Em fins de outubro de 2006, alguma coisa estranha começou a acontecer nos céus do Brasil. Os aviões começaram a pousar atrasados nos aeroportos. Duas, três, quatro horas de atraso. Dezenas, centenas, milhares de vôos atrasados. Não sendo freqüentador de aeroportos, este escriba limitou-se a acompanhar as notícias a respeito desse fenômeno através de notas na televisão e na internet. Mas a princípio foi muito difícil entender o que estava acontecendo.
Os aviões estavam atrasando? Atrasando por quê? Será que de repente começaram a ficar mais lentos? Que tipo de bizarra distorção das leis da física poderia provocar a lentidão repentina dos engenhos aeronáuticos? O ar no Brasil começou a ficar inexplicavelmente mais espesso? Os ÓVNIs abandonaram a prática das abduções individuais e partiram diretamente para os raios de tração sobre os aviões? Refratário a explicações não-científicas, este escriba partiu para outras possíveis respostas, mesmo assim sem muito sucesso.
Será que o número de aviões multiplicou-se de maneira súbita e imprevisível? Da noite para o dia, o caos do trânsito nas metrópoles reproduziu-se no céu? Na cidade o trânsito às vezes pára por causa de um único carro com pneu furado em alguma avenida crucial para a circulação urbana. Mas como isso poderia acontecer com aviões, e simultaneamente em vários aeroportos do país?
Em vão tentava-se entender o mistério do atraso dos aviões. Somente depois de várias semanas foi possível descobrir que não havia nenhum fenômeno místico se desdobrando no espaço aéreo brasileiro. Para fazer essa descoberta, foi preciso juntar os cacos de diversas informações fragmentadas. O que estava em curso era uma GREVE. Uma GREVE, com nome e sobrenome: operação padrão. Os controladores de vôo dos aeroportos começaram a cumprir os normativos. Passaram a trabalhar com o número correto de aeronaves que cada um deve acompanhar. E enquanto cada aeronave recebe o devido acompanhamento, as demais esperam. Enquanto esperam, precisam manter-se no ar. E isso provoca os atrasos. Elementar, meu caro Watson.
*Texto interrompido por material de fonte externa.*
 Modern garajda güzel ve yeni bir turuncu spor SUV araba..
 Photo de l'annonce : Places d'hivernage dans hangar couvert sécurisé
Descoberta a verdade sobre o fenômeno, multiplicaram-se as interrogações: por que a mídia não pode pronunciar o nome (GREVE) da operação padrão dos controladores de vôo? Por que motivo a GREVE estalou neste preciso momento e não em outro? E o que talvez seja a interrogação mais preocupante de todas: se agora que os controladores de vôo estão cumprindo os normativos os aviões estão atrasando, isso quer dizer que durante todo o tempo em que pousavam no horário correto, os aviões estavam voando sem o devido acompanhamento de segurança?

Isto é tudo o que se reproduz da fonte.